Another Day, Another Oscar Surprise As 'Moonlight' And 'Loving' Deemed Adapted Screenplays

It’s been quite a monumental week for this particular awards season. We’ve had monumental upset nominations at the SAG Awards and somewhat surprising disqualifications in the Original Score race. And now the Academy’s screenplay races have officially flipped.

As first reported by Pete Hammond at Deadline and confirmed by The Playlist, the Writer’s Branch has determined that the screenplays for “Moonlight” and “Loving” should qualify for Adapted Screenplay and not Original Screenplay. In theory, this would help both films, but let’s look at why.

READ MORE: 2017 Original Screenplay Oscar Predictions

“Moonlight” was written by Barry Jenkins but is based on a Tarell Alvin McCraney stage treatment. Producer Adele Romanski described this to me during a conversation a few months ago as a “sketch” of a treatment and that it was unfinished. A24 and the filmmakers believed that would qualify it for the Original category. The WGA thought so, but the Academy branch did not. A24 is smartly not appealing the ruling (we’ll get to that in a moment).

“Loving” is a much stranger situation. The screenplay was written by director Jeff Nichols, who has remarked since Cannes that Nancy Buirski‘s 2011 documentary “The Loving Story” inspired him to make the movie. And yet, Buirski has an executive-producer credit on the film which, in theory, would constitute significantly more involvement. We’ve heard Focus Features is appealing the ruling, but cannot confirm at this time.

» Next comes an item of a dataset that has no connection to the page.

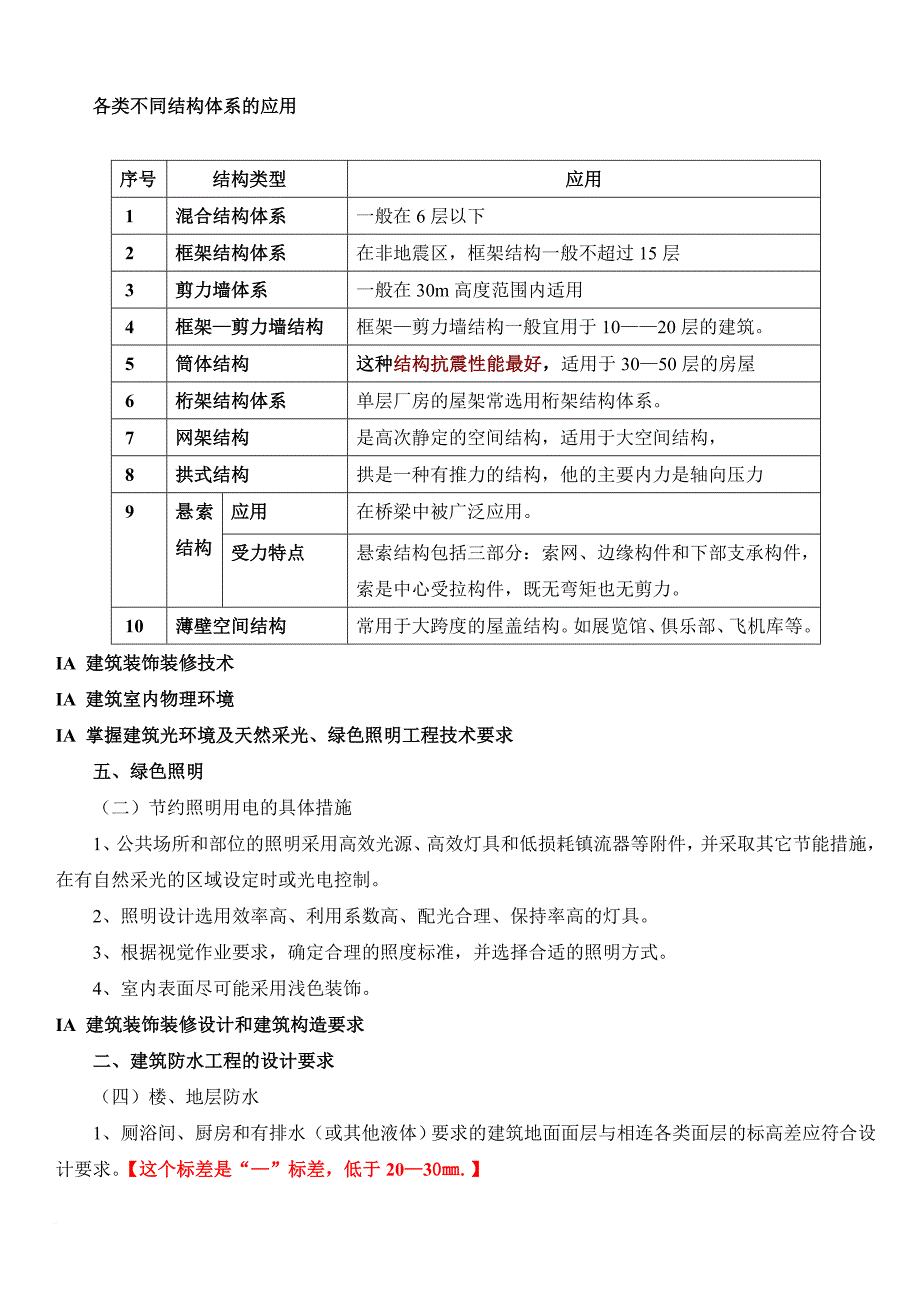 建筑工程管理与实务培训资料_第3页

The departure of both films from the Adapted Screenplay category allows at least one worthy nominee to make that field and gives a once-shallow Original category the frontrunner it deserves. Kenneth Lonergan‘s “Manchester By The Sea” and Taylor Sheridan‘s “Hell Or High Water” scripts are now battling for Best Original Screenplay, while opening the door for Noah Oppenheim (“Jackie“), Efthymis Filippou and Yorgos Lanthimos (“The Lobster”), and, shockingly, Damien Chazelle (“La La Land“) to make the cut.